Find final rotational kinetic energy without knowing radius?

[matxjos]

Homework Statement

A 0.125kg basketball is rolling w/out slipping on a horizontal table at 4.50 m/s when it rolls off the edge and it falls to the floor, 1.10 m below. What is the rotational kinetic energy of the ball right before hitting floor?

Homework Equations

KE rot: .5 I w^2
KE translational: .5 m v^2
PE: mgh

The Attempt at a Solution

Initial: I figured out KE translational and PE for the initial conditions on the horizontal surface, these are easy.

I do not know how to get K rotational energy!

Final: I used vertical constant acceleration equations to find the final velocity. Then I got the kinetic energy right before hitting the floor. Potential energy is 0.

No idea how to get K rot energy!

I've been working on this problem forever (all morning). The answer to the problem is apparently 0.506J.

HOW?!

 

[gneill]

Once the ball leaves the table there's nothing to provide torque to change its rotation, so ignore everything that happens after it leaves the table.

Write an expression for the rotation rate of the ball as it rolls. That's the $\omega$ for your rotational kinetic energy expression. What expression will you use for the moment of inertia?

(P.S. I feel that the problem author used an incorrect moment of inertia; a basketball is a thin spherical shell, not a solid sphere).

 

[matxjos]

Once the ball leaves the table there's nothing to provide torque to change its rotation, so ignore everything that happens after it leaves the table.

Write an expression for the rotation rate of the ball as it rolls.

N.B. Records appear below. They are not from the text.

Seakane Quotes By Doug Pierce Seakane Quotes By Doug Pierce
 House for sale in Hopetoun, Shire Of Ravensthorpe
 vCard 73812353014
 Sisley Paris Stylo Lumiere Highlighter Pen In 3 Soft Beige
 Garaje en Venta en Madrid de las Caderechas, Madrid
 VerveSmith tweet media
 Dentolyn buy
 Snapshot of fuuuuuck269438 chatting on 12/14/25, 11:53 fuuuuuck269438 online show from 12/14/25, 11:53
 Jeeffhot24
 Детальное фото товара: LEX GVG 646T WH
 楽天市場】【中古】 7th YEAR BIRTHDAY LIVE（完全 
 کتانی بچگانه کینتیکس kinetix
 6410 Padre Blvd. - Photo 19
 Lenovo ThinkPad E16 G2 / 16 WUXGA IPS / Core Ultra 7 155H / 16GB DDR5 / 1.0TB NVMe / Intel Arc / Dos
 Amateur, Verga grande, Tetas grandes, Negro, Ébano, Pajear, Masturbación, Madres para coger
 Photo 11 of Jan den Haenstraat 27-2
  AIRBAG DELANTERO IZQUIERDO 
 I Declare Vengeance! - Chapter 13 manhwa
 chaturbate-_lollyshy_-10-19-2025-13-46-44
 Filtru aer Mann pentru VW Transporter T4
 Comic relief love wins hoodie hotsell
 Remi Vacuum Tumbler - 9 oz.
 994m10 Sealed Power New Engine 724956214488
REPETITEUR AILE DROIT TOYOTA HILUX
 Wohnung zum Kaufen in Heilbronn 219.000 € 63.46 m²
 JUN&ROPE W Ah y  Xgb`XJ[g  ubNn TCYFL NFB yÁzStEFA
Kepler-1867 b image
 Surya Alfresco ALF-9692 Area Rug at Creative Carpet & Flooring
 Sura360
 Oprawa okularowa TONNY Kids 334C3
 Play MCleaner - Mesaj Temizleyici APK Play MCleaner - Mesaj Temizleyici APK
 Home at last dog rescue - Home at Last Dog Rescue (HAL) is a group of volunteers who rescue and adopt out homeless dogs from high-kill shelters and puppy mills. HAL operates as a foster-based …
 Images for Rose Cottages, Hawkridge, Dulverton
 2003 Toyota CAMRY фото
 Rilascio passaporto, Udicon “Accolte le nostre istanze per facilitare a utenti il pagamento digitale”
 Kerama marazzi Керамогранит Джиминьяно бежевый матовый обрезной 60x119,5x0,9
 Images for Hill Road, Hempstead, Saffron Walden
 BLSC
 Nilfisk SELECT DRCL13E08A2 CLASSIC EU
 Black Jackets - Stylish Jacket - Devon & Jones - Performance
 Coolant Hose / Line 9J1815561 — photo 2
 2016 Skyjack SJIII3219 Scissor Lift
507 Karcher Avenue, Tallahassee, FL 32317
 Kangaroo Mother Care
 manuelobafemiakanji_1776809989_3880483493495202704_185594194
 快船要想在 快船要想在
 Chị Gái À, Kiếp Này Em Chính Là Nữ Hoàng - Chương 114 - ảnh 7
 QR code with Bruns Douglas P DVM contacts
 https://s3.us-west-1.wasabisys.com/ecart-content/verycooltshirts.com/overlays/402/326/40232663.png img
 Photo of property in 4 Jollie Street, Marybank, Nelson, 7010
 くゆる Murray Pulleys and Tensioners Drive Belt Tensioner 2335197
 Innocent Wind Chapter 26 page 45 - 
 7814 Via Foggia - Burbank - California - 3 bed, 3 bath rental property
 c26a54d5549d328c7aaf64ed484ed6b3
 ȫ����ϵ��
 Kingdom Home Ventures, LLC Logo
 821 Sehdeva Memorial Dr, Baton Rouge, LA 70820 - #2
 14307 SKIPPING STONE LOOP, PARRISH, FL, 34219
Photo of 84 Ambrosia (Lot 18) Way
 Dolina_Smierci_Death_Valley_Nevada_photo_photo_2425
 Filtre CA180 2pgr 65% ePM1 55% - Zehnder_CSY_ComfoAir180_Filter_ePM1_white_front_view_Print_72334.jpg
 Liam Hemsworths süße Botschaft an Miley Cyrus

That's the $\omega$ for your rotational kinetic energy expression. What expression will you use for the moment of inertia?

(P.S. I feel that the problem author used an incorrect moment of inertia; a basketball is a thin spherical shell, not a solid sphere).

Well, a solid sphere's moment of inertia is 2/5MR^2. Is this the expression I use? I still don't know the radius...

I'm not even sure what you mean to write an expression for the rotation rate. Like in rad/s? I know how to get that from rev/min, or even m/s, but I don't know the radius. :(

Thanks for looking at this problem!

 

[matxjos]

Once the ball leaves the table there's nothing to provide torque to change its rotation, so ignore everything that happens after it leaves the table.

Wait, if there is no rotation after the ball leaves the table, does that mean the rotational energy is zero? Or just the same as the initial KE rot?

 

[haruspex]

Well, a solid sphere's moment of inertia is 2/5MR^2.

Solid basketballs?! That's serious training.

I still don't know the radius...

You'll find you don't need to. Just put in an unknown for it and it should cancel out later.

I'm not even sure what you mean to write an expression for the rotation rate. Like in rad/s?

Yes. Create another unknown for this, and an equation relating it to linear speed and radius.

if there is no rotation after the ball leaves the table

gneill said there'd be no change in rotation rate.

 

[matxjos]

Solid basketballs?! That's serious training.

You'll find you don't need to. Just put in an unknown for it and it should cancel out later.

Yes. Create another unknown for this, and an equation relating it to linear speed and radius.

gneill said there'd be no change in rotation rate.

Wow, thanks, I got the answer! I didn't realize things cancel out...physics is most confusing when that has to happen. But very interesting.

Thanks haruspex and gneill!